Captioned web images:
:::::

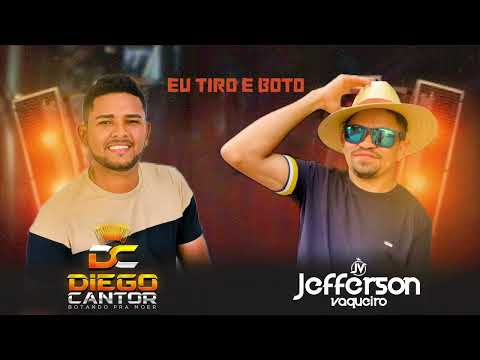 Eu Tiro e Boto - Diego Cantor Feat. Jefferson Vaqueiro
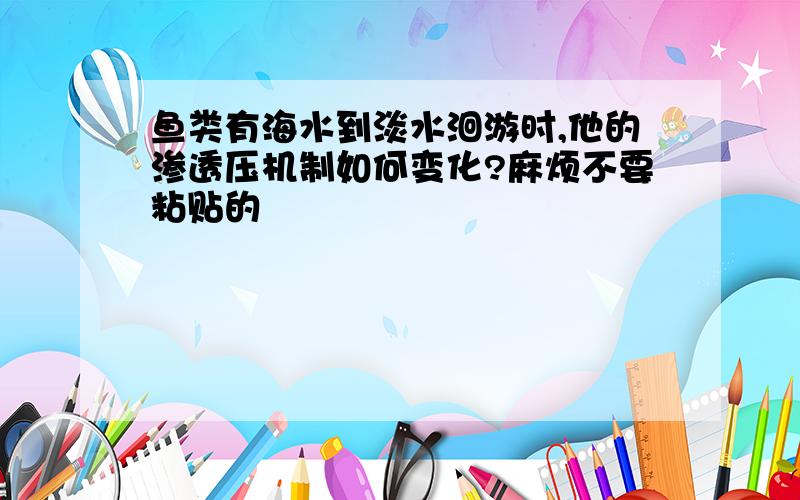 鱼类有海水到淡水洄游时,他的渗透压机制如何变化?麻烦不要粘贴的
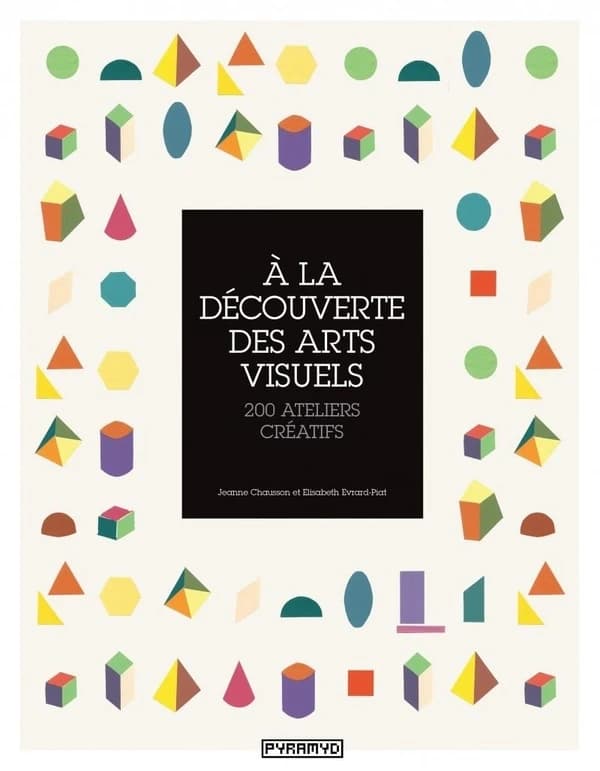 À la découverte des arts visuels : 200 ateliers créatifs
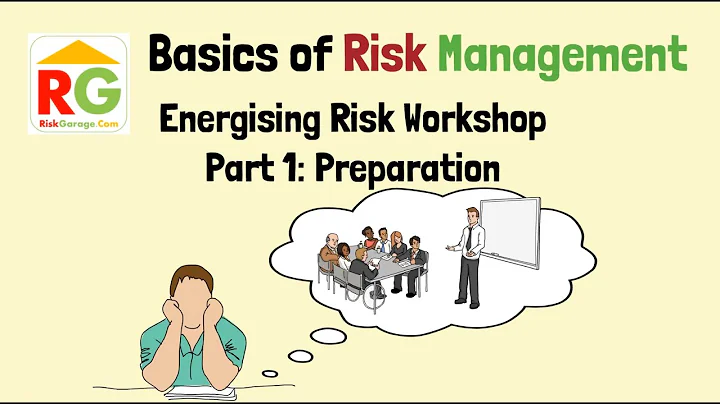Risk Management in Daily Life - Energising Risk Workshop: Preparation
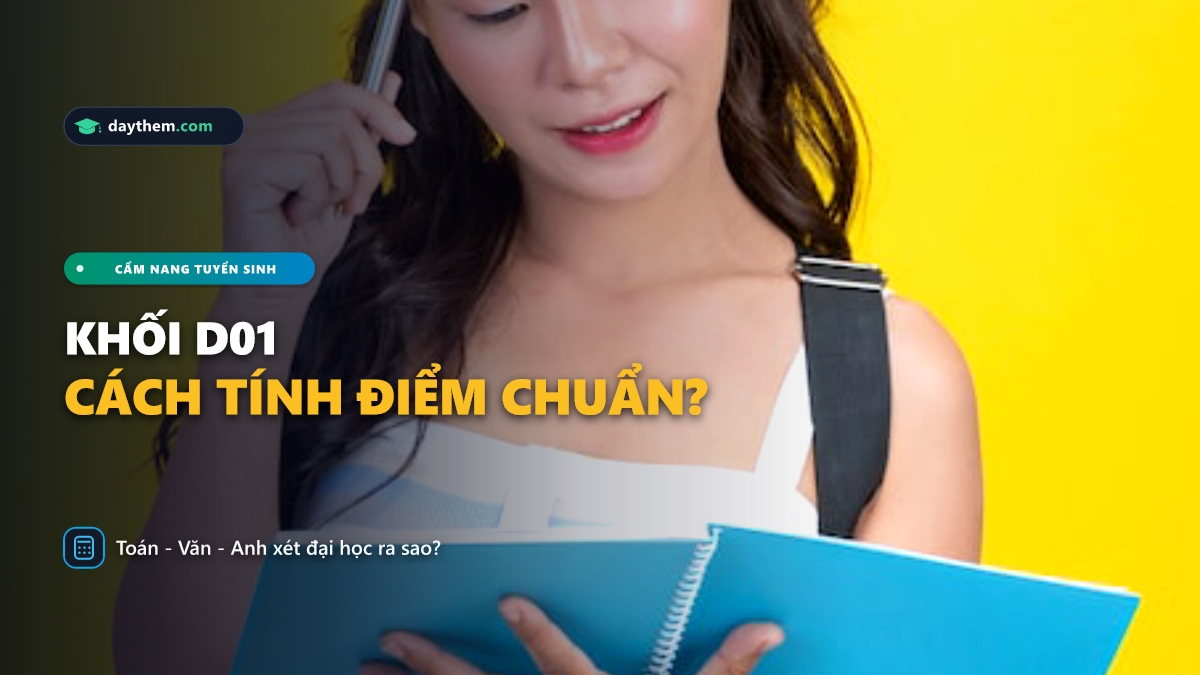 Làm cách nào để tính điểm khối D01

:::::

**To do:**
Without including any pictures, output each entry above exactly as it appears.

**Response:**
 Eu Tiro e Boto - Diego Cantor Feat. Jefferson Vaqueiro
 鱼类有海水到淡水洄游时,他的渗透压机制如何变化?麻烦不要粘贴的
 À la découverte des arts visuels : 200 ateliers créatifs
Risk Management in Daily Life - Energising Risk Workshop: Preparation
 Làm cách nào để tính điểm khối D01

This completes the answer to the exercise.